* Record excerpts *
***
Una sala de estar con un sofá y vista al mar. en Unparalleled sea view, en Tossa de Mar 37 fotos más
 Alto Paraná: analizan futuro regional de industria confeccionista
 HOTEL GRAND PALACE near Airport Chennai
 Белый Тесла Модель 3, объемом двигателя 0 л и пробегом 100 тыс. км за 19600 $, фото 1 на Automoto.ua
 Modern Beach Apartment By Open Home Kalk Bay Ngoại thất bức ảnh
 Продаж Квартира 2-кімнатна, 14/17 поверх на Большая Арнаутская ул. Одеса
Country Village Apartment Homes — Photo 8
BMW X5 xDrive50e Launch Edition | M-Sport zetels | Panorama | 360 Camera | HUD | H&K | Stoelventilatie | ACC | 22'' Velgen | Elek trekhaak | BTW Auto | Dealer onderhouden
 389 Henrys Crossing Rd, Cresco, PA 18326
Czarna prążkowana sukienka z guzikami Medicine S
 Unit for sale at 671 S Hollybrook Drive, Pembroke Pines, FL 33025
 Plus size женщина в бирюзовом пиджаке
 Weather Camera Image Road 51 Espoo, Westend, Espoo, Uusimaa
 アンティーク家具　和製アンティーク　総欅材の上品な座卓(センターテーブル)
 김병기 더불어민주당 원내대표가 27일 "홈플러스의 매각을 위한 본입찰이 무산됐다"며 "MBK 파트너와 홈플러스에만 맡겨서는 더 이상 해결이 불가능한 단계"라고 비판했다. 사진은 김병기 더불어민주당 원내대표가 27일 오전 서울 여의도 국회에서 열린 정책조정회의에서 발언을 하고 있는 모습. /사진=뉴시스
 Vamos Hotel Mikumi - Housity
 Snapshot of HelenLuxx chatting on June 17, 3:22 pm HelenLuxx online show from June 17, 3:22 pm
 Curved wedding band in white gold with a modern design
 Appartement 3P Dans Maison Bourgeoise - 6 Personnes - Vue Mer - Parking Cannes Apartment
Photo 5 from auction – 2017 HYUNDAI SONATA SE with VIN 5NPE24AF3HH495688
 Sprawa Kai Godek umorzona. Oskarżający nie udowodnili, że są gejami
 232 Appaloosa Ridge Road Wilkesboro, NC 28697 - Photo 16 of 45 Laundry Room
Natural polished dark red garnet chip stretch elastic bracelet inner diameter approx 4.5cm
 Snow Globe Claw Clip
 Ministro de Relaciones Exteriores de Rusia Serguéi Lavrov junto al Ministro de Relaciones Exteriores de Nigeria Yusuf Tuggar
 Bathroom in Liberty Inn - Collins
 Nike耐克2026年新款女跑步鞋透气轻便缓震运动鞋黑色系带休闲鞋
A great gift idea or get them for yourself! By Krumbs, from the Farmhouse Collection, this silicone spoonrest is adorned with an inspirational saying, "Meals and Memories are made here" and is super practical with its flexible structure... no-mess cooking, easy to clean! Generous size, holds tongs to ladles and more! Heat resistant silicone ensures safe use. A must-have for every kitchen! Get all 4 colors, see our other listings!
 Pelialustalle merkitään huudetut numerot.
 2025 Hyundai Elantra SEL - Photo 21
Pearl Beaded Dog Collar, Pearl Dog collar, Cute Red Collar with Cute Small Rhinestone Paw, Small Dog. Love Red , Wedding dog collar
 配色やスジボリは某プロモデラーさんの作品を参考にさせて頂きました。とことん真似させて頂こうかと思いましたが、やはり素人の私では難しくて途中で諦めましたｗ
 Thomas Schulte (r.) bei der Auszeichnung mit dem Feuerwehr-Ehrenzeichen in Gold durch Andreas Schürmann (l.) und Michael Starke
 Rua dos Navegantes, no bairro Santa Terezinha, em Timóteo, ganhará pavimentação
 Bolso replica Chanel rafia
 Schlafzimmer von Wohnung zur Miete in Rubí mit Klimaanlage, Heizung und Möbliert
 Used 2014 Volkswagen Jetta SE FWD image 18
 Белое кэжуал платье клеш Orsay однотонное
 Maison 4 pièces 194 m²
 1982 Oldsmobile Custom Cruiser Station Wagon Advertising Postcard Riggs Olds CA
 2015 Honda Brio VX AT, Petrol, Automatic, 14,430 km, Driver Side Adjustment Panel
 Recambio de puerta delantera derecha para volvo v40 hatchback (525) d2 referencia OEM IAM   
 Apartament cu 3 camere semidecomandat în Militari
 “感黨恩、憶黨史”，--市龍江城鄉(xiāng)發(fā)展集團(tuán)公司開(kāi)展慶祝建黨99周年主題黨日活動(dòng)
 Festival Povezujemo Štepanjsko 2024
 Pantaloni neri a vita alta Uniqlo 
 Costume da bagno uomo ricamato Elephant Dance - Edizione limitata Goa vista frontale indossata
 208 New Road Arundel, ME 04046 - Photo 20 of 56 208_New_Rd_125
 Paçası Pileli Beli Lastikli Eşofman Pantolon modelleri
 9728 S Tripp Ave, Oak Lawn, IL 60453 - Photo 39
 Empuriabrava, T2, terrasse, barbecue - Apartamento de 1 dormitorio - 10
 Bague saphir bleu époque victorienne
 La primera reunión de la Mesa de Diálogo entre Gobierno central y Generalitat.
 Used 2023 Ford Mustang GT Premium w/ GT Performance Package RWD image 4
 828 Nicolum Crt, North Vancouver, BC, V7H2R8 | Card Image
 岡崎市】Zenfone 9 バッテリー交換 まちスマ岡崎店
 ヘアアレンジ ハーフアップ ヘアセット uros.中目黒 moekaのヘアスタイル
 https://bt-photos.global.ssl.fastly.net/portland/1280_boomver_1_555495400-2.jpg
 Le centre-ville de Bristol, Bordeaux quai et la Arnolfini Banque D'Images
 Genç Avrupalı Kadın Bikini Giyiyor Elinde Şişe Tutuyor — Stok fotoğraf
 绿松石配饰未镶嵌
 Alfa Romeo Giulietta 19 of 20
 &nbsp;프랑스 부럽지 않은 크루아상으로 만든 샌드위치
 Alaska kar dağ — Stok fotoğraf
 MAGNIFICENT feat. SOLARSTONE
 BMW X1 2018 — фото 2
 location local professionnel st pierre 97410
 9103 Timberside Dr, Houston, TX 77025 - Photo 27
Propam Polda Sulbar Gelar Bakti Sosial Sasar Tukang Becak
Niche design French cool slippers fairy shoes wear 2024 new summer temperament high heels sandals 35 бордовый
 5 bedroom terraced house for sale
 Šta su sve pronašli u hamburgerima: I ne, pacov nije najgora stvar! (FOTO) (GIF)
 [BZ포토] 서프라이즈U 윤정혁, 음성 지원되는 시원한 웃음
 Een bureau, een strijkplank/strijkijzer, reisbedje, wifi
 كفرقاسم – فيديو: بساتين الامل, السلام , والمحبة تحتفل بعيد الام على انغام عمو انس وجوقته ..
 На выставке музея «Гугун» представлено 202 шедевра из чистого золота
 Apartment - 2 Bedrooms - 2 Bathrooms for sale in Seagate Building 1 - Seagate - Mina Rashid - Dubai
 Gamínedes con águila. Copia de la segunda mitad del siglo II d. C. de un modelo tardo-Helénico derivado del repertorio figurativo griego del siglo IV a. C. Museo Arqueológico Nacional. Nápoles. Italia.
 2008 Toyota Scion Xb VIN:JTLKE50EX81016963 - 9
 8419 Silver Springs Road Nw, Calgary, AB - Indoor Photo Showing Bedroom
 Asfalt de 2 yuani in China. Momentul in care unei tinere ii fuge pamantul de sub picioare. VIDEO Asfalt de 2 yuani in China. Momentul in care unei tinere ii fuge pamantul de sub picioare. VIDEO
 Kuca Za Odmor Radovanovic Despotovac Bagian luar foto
***
* Activity *
Using the records above, copy word for word the line with "Propam Polda Sulbar", the line with "Apartment - 2", and every line between them.

* Solution *
Propam Polda Sulbar Gelar Bakti Sosial Sasar Tukang Becak
Niche design French cool slippers fairy shoes wear 2024 new summer temperament high heels sandals 35 бордовый
 5 bedroom terraced house for sale
 Šta su sve pronašli u hamburgerima: I ne, pacov nije najgora stvar! (FOTO) (GIF)
 [BZ포토] 서프라이즈U 윤정혁, 음성 지원되는 시원한 웃음
 Een bureau, een strijkplank/strijkijzer, reisbedje, wifi
 كفرقاسم – فيديو: بساتين الامل, السلام , والمحبة تحتفل بعيد الام على انغام عمو انس وجوقته ..
 На выставке музея «Гугун» представлено 202 шедевра из чистого золота
 Apartment - 2 Bedrooms - 2 Bathrooms for sale in Seagate Building 1 - Seagate - Mina Rashid - Dubai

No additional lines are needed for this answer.